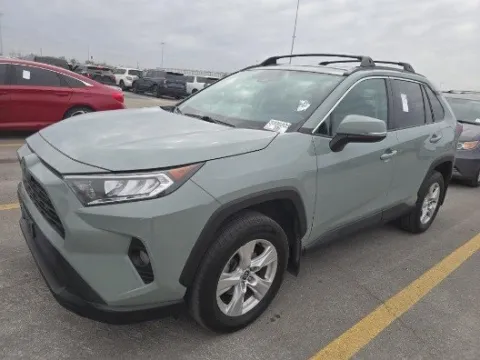 Gray 2021 Toyota RAV4 XLE for sale in Plano, TX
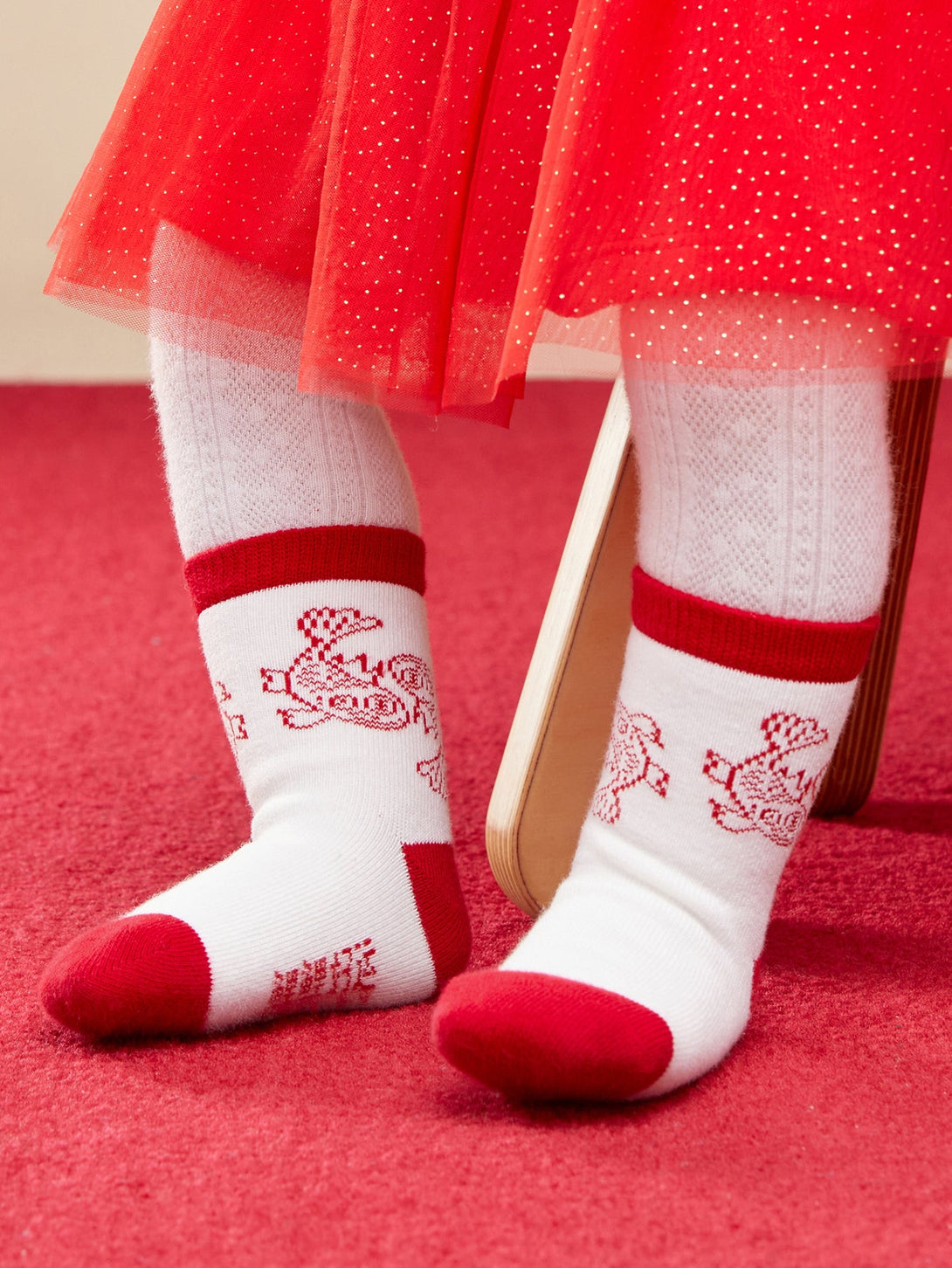 balabala龍年新款鯉魚吉祥龍圖案寶寶襪子兒童棉襪中國風男童女童襪子農曆新年春季本命年紅色兩雙裝襪子 - balabala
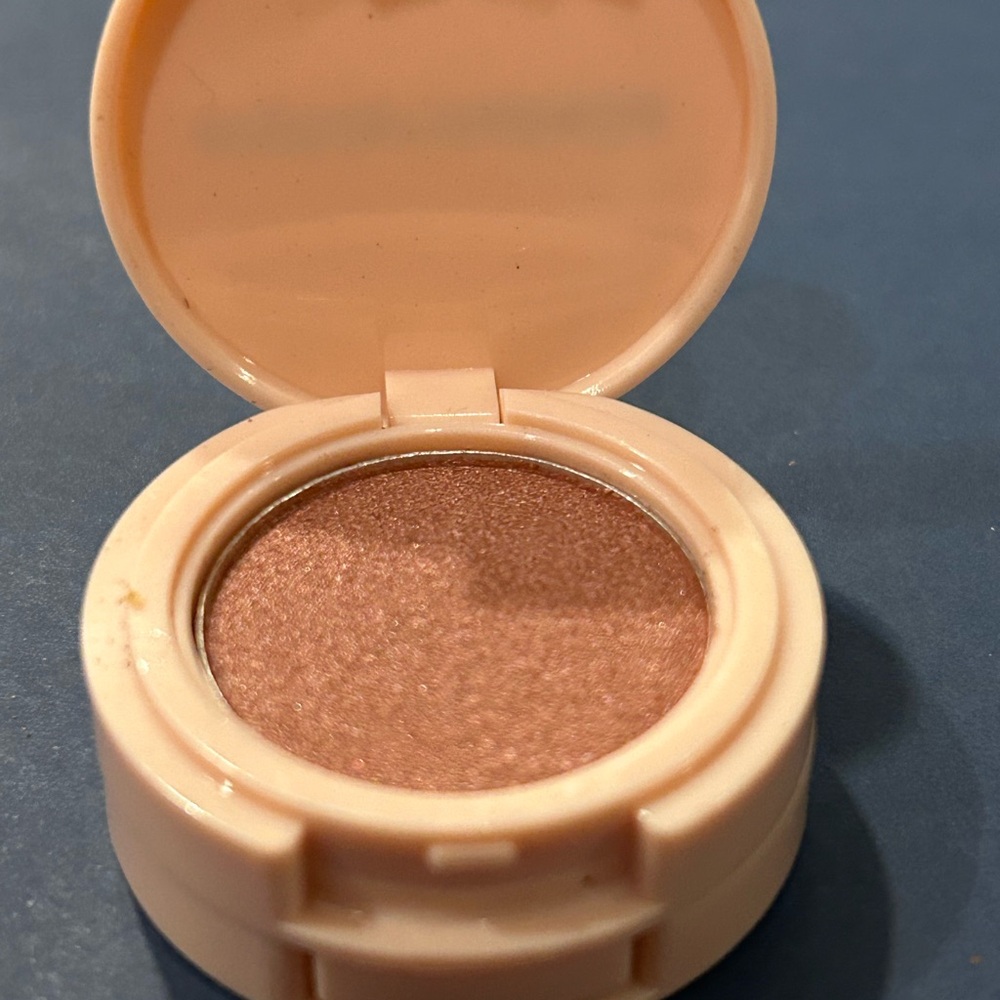 Cream Eyeshadow - Picture 4 of 5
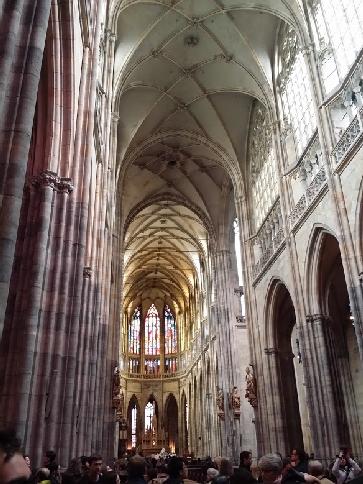 inside_prague_cathedral_454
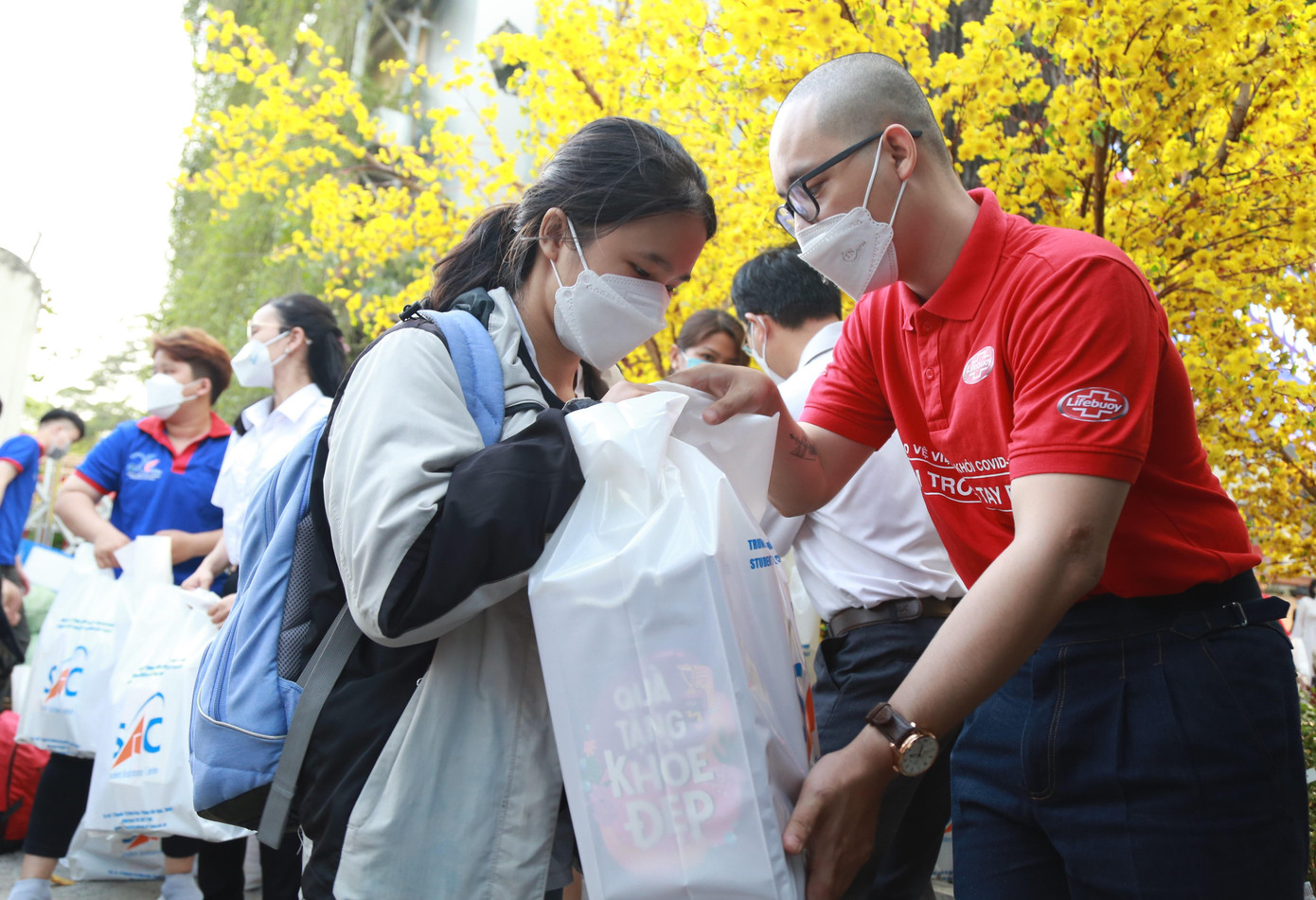 Sự chăm lo ý nghĩa dịp Tết về là nguồn động viên ấm lòng dành cho những hoàn cảnh còn gặp khó khăn, thiếu thốn trong cuộc sống.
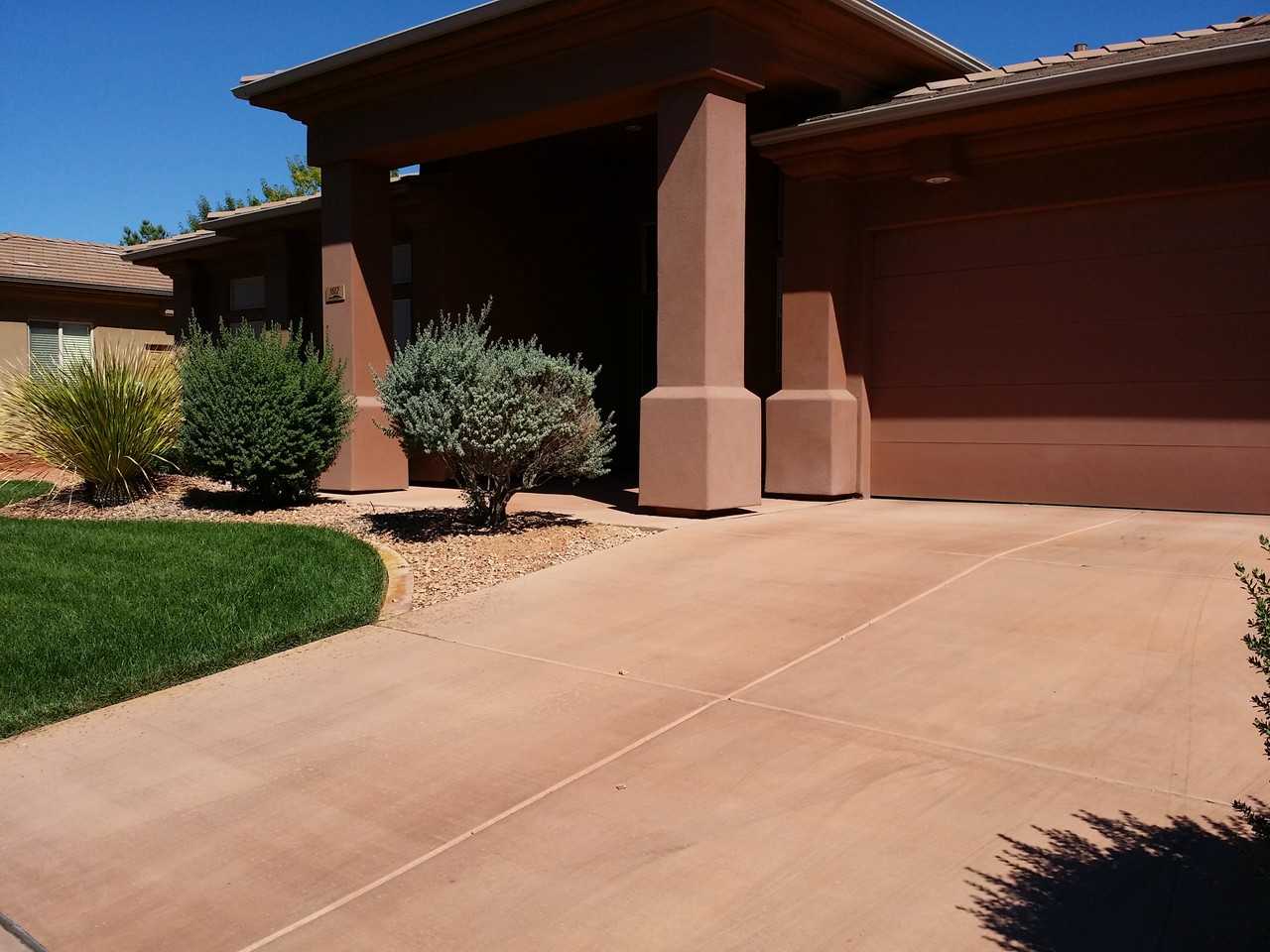 1612 N Raven Ln - Photo 2 of 18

*Brief*: Return the records exactly as they stand, and drop every picture.

*Answer to this problem*:
 Gray 2021 Toyota RAV4 XLE for sale in Plano, TX
 balabala龍年新款鯉魚吉祥龍圖案寶寶襪子兒童棉襪中國風男童女童襪子農曆新年春季本命年紅色兩雙裝襪子 - balabala
 Cream Eyeshadow - Picture 4 of 5
 inside_prague_cathedral_454
 Sự chăm lo ý nghĩa dịp Tết về là nguồn động viên ấm lòng dành cho những hoàn cảnh còn gặp khó khăn, thiếu thốn trong cuộc sống.
 1612 N Raven Ln - Photo 2 of 18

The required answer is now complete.